Sodium only has one naturally occuring isotope, Na23
, with a relative atomic mass of 22.9898 u.
A synthetic, radioactive isotope of sodium, Na22
, is used in positron emission tomography. Na22
has a relative atomic mass of 21.9944 u.
A 1.6421 g
sample of sodium containing a mixture of Na23
and Na22
has an apparent "atomic mass" of 22.9441 u
. Find the mass of Na22
contained in this sample.
Let X = fraction of Na atoms with a mass of 22
Then 1 - X = fraction of Na with a mass of 23
===========================
21.9944X + 22.9898(1-X) = 22.9441
Solve for X and 1- X
21.9944 X + 22.9898 - 22.9898X = 22.9441
Finish for X
Then Na22 = 1.6421 g sample x fraction of Na22 = g Na22.

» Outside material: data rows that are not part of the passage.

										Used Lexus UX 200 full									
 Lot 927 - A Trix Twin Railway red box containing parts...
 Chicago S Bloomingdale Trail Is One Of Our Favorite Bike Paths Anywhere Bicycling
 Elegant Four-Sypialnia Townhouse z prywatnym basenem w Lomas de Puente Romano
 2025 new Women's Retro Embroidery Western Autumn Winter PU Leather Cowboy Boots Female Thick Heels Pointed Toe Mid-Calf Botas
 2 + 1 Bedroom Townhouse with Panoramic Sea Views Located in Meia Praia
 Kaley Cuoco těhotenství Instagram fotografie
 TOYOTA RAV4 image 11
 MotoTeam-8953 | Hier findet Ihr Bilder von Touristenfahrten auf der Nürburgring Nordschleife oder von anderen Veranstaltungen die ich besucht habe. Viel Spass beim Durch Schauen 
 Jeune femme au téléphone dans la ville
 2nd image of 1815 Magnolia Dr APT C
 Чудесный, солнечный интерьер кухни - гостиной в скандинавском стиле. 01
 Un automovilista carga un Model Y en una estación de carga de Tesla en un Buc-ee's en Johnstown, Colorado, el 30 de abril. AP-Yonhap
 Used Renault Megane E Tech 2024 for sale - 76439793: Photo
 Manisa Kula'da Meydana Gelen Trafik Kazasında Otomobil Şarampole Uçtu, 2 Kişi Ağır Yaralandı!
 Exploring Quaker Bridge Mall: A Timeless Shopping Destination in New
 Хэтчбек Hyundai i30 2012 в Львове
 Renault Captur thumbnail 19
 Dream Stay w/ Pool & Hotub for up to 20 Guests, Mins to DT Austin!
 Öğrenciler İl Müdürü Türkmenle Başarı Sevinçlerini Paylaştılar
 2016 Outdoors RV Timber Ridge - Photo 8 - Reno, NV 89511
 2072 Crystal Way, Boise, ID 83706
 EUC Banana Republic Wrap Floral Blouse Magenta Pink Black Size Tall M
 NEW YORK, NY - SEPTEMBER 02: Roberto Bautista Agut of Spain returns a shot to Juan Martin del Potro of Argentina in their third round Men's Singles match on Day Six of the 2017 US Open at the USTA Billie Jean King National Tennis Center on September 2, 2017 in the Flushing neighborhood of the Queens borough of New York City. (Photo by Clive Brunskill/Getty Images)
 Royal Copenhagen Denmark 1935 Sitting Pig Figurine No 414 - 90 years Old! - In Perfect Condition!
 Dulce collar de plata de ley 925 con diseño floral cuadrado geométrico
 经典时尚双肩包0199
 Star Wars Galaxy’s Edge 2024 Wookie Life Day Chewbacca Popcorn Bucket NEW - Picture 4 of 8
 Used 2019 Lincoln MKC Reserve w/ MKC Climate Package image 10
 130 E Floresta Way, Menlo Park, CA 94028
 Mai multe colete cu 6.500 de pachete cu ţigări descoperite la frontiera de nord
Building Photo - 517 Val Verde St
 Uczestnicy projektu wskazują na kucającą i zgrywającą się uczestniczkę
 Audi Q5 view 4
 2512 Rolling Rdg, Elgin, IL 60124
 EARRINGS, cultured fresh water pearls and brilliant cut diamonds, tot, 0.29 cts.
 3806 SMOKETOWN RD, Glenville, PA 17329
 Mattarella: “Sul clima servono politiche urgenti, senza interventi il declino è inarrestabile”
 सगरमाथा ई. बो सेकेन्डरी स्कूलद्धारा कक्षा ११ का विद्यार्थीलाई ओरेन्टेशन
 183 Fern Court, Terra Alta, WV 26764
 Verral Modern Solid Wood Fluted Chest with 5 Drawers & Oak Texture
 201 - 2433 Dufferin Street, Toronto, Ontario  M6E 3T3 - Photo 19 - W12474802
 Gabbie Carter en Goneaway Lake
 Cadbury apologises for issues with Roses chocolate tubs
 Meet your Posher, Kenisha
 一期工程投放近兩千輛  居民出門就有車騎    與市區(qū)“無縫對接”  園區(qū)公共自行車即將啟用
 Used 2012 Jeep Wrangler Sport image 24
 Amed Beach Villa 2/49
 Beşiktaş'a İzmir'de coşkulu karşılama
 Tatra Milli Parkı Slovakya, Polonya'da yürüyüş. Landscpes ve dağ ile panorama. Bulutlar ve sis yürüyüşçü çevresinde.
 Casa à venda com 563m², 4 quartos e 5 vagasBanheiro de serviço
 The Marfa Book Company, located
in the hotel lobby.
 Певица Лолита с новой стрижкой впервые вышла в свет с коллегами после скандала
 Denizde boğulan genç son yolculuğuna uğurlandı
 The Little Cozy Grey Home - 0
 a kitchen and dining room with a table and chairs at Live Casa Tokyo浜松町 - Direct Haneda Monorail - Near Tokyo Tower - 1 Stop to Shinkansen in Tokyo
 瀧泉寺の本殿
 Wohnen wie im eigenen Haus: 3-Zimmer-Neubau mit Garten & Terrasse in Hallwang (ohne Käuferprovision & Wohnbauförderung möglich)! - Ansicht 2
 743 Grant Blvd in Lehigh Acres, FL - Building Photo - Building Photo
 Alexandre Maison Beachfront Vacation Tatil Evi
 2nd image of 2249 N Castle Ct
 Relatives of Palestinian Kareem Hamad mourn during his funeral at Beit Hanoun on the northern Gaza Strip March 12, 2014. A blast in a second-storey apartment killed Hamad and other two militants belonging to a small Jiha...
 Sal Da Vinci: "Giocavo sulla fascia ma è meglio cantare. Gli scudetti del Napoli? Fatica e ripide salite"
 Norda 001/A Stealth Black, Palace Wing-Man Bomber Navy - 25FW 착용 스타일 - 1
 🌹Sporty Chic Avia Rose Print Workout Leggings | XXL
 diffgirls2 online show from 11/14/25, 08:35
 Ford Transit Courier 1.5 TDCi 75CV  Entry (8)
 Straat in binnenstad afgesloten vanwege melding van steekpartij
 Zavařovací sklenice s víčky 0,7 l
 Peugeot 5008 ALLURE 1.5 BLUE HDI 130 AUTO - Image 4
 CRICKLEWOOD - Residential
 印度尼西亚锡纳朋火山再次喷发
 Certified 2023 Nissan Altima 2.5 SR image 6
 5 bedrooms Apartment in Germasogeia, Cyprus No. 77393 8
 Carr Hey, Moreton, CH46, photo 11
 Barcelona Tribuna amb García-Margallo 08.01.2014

Post your work if you get stuck.
Oh, Na22, the radioactive rebel of the sodium family! Let's solve this atomic mystery, shall we?
First, we know the relative atomic mass of Na23 is 22.9898 u, and Na22 is 21.9944 u. Our sample apparently has an atomic mass of 22.9441 u.
To find the mass of Na22, we first need to figure out the mass contribution of Na23 in the sample. We can do this by subtracting the atomic mass of Na22 from the atomic mass of the sample:
Mass of Na23 = Atomic mass of sample - Atomic mass of Na22
= 22.9441 u - 21.9944 u
Now, let's calculate that:
Mass of Na23 = 0.9497 u
Since we have the total mass of the sample given as 1.6421 g, we can find the mass of Na22 by subtracting the mass of Na23 from the total sample mass:
Mass of Na22 = Total sample mass - Mass of Na23
= 1.6421 g - 0.9497 g
And now, the moment of truth:
Mass of Na22 = 0.6924 g
So, in this 1.6421 g sodium sample, there is approximately 0.6924 g of the mischievous Na22. Keep an eye on that radioactivity, folks!
To find the mass of Na22 contained in the sample, we can set up a system of equations.
Let x be the mass of Na22 in the sample.
Then, the mass of Na23 in the sample can be calculated as (1.6421 - x) g.
Using the relative atomic masses and the mass of each isotope, we can set up the following equation:
[(mass of Na22 * mass of Na22 in the sample) + (mass of Na23 * mass of Na23 in the sample)] / total mass of the sample = apparent "atomic mass" of the sample.
Substituting the given values:
[(21.9944 * x) + (22.9898 * (1.6421 - x))] / 1.6421 = 22.9441.
Now, let's solve for x.
(21.9944 * x) + (22.9898 * (1.6421 - x)) = 22.9441 * 1.6421.
21.9944x + 22.9898 * 1.6421 - 22.9898x = 37.78013061.
21.9944x - 22.9898x = 37.78013061 - 22.9898 * 1.6421.
(-0.9954x) = 2.651848.
x = 2.651848 / -0.9954.
x ≈ -2.6616 g.
Since the mass cannot be negative, we therefore conclude that there is no Na22 in the sample.
To find the mass of Na22 contained in the sample, we can use the concept of weighted averages.
The "apparent atomic mass" of the sample (22.9441 u) can be thought of as a weighted average of the atomic masses of Na23 and Na22, where the weights are the relative abundance of each isotope.
Let's denote the mass of Na23 as m23 and the mass of Na22 as m22. We know that the relative atomic mass of Na23 is 22.9898 u, while the mass of Na22 is 21.9944 u.
Now, let's set up two equations based on the information given:
1. Mass equation: m23 + m22 = 1.6421 g (total mass of the sample)
2. Atomic mass equation: (m23 * 22.9898) + (m22 * 21.9944) = 22.9441 * 1.6421 (weighted average atomic mass of the sample)
We can now solve these equations simultaneously to find the values of m23 and m22.
Rearranging equation 1, we get: m23 = 1.6421 g - m22
Substituting this value in equation 2, we get:
(1.6421 g - m22) * 22.9898 + (m22 * 21.9944) = 22.9441 * 1.6421
Simplifying, we have:
37.65057 g - 22.9898 m22 + 21.9944 m22 = 37.69600461
Combining like terms:
-0.9954 m22 = 0.04540461
Solving for m22:
m22 = 0.04540461 / -0.9954
m22 ≈ -0.0456 g
Since mass cannot be negative, there seems to be an error in the calculations. Please make sure that the given values are accurate and the equations have been set up correctly.